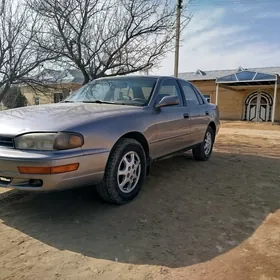 Toyota Camry 1993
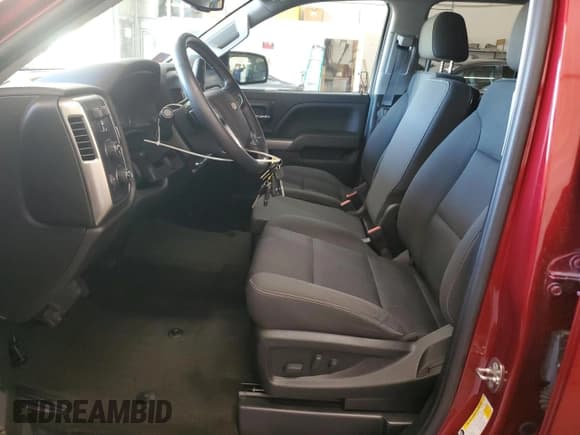 ✅ 2018 Chevrolet Silverado 1500 LT • VIN: 1GCVKREC3JZ190493 • Лот: 81804595. Опубликован ранее на Copart с пробегом 42 313 миль. Бесплатный доступ к архиву аукционных продаж из США и подробный отчёт об истории автомобиля на DreamBid. Изображение 7.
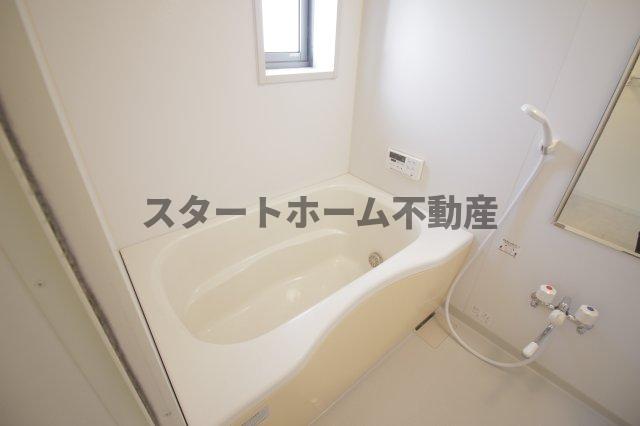 バス・シャワールーム　落ち着いた空間のお風呂です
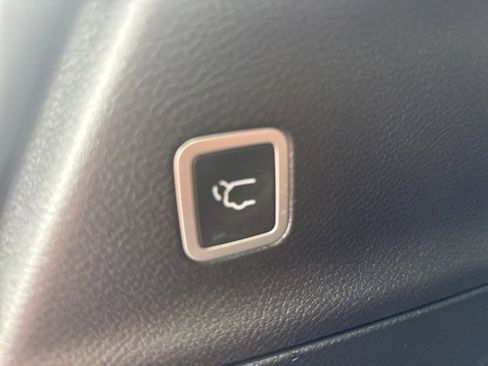 New 2026 Chrysler Pacifica Select image 24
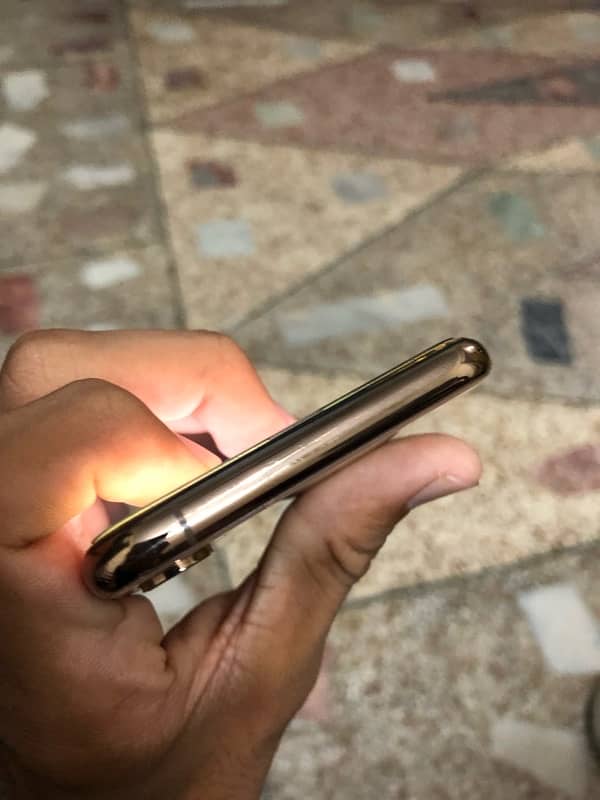 Apple iphone xs 64gb non pta never opened 8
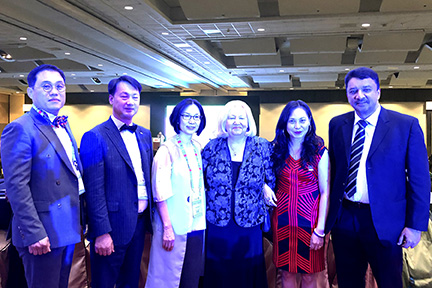 Prof Sm Balaji With Prof Kathryn Kell, President, Fdi And Others At The Conclusion Of The Conference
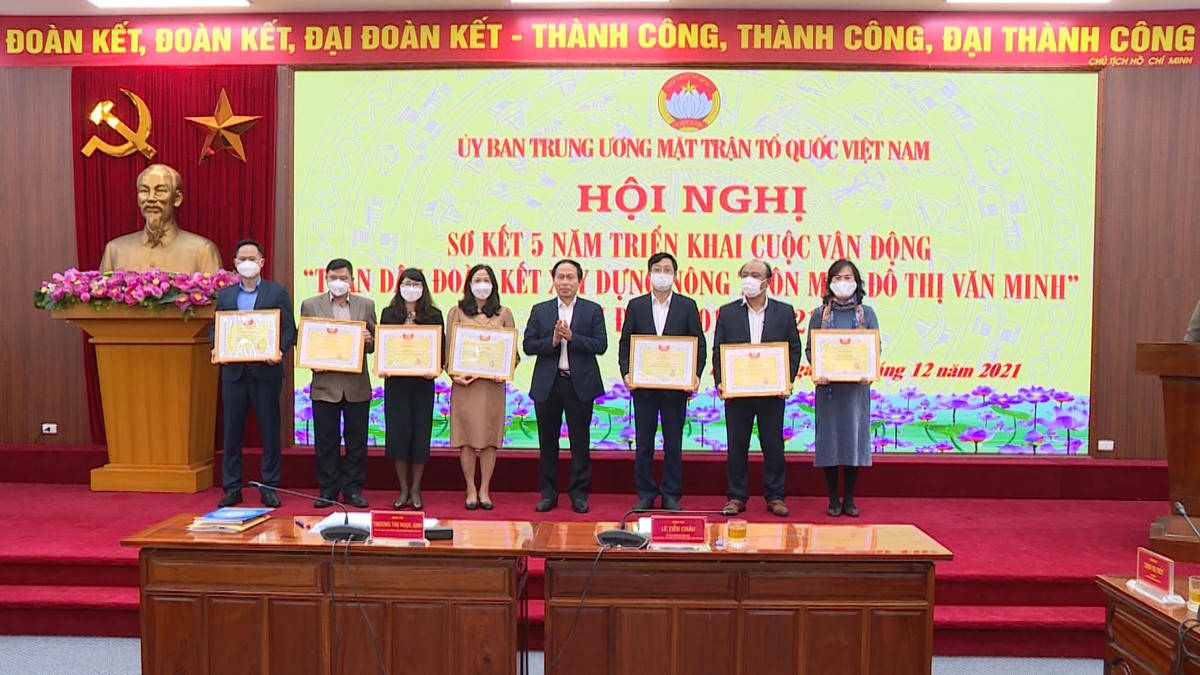 Phó Chủ tịch - Tổng Thư ký UBTƯ MTTQ Việt Nam Lê Tiến Châu trao bằng khen cho các tập thể có thành tích xuất sắc.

════════════════

About this task - In your copy of the listing, please omit the pictures and keep every word exact.

Response area -
 Toyota Camry 1993
 ✅ 2018 Chevrolet Silverado 1500 LT • VIN: 1GCVKREC3JZ190493 • Лот: 81804595. Опубликован ранее на Copart с пробегом 42 313 миль. Бесплатный доступ к архиву аукционных продаж из США и подробный отчёт об истории автомобиля на DreamBid. Изображение 7.
 バス・シャワールーム　落ち着いた空間のお風呂です
 New 2026 Chrysler Pacifica Select image 24
 Apple iphone xs 64gb non pta never opened 8
 Prof Sm Balaji With Prof Kathryn Kell, President, Fdi And Others At The Conclusion Of The Conference
 Phó Chủ tịch - Tổng Thư ký UBTƯ MTTQ Việt Nam Lê Tiến Châu trao bằng khen cho các tập thể có thành tích xuất sắc.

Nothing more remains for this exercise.